Jun 11, 2012 by Joyce Norris-Montanari in Data Quality
One of my clients has the concept of a Playground on their database platform. The definition of this environment (for them) is as follows:
- Used for prototyping a new application – build it yourself and see if it works!
- Used for a proof of concept of software that would require a database or repository. I keep wondering who has time for this type of fun!
- The platform can be used for NO more than 3 months for one application, and then it must deleted from the Playground or put in production.
What has happened is:
- The business users are building real applications out there using data (based on views) from the production database.
- Most of the applications, in the Playground, have been there more than 30 days.
- None of these projects are ever planned for the production environment. Why — because they work in the Playground.
What the Playground has caused:
- Because the users were given the freedom to build anything they wanted, with no thought of data quality or data integration – the practice continues.
- Since all work is project based, the project just needs more money to fund more people. More people to keep the equipment on the Playground in tip top shape.
I think the Playground needs audited, managed properly, and then monitored on an on-going basis. Maybe the Playground should not be backed up every night – would that push people into production? What about reducing access instead of opening it up to anyone? I am pretty sure if we ‘delete they will come’! I do love a good delete!
Read more of Joyce’s posts on the Data Roundtable.





Paul Boal
Jun 11, 2012
It seems to me that the reason for playgrounds is to create an “easier way” for people to get things done without the “overhead” of production controls or processes. I’m in support of always creating easier ways to be productive, so “yeah” for playgrounds. That doesn’t mean the way into production can continue to be seen as “too hard.” Seems that this sort of situation is inevitable until your client finds a way to add value for users as they go from sandbox to production. I’d ask that client how often they reach out to sandbox users and say “Hey, I noticed you were running a 4 hour query out there. Can I help you tune that and get it into production where it’ll perform better?” Or “Looks like you’ve got a monthly process out there that you run during month-end-close. Would it be helpful to automate that and send over the results automatically?”

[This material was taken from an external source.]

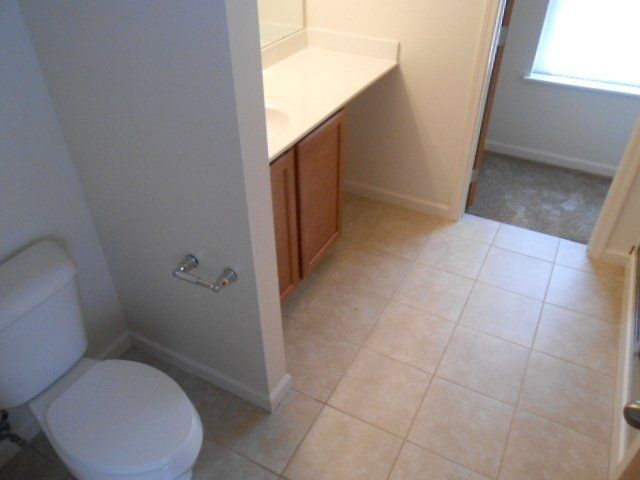 27-29-wilcox-st- Bathroom and  toilet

I think that kind of value add will always go over better than a 3-month-or-I-delete-it stick.
Vish Agashe
Jun 11, 2012
I think Playground concept is really good, as long as the rules are adhered to! This breeds creativity to try new concepts. Personally if you adhere to the rules which are set out(no persistence beyond 3 months, not for production, no backups), I think we should not do any audits or worry about data readiness/quality.
You could envision adding couple of more rules around not using data/insights from playground for decision making, those have to be replicated and gleaned from production/high quality/governed data.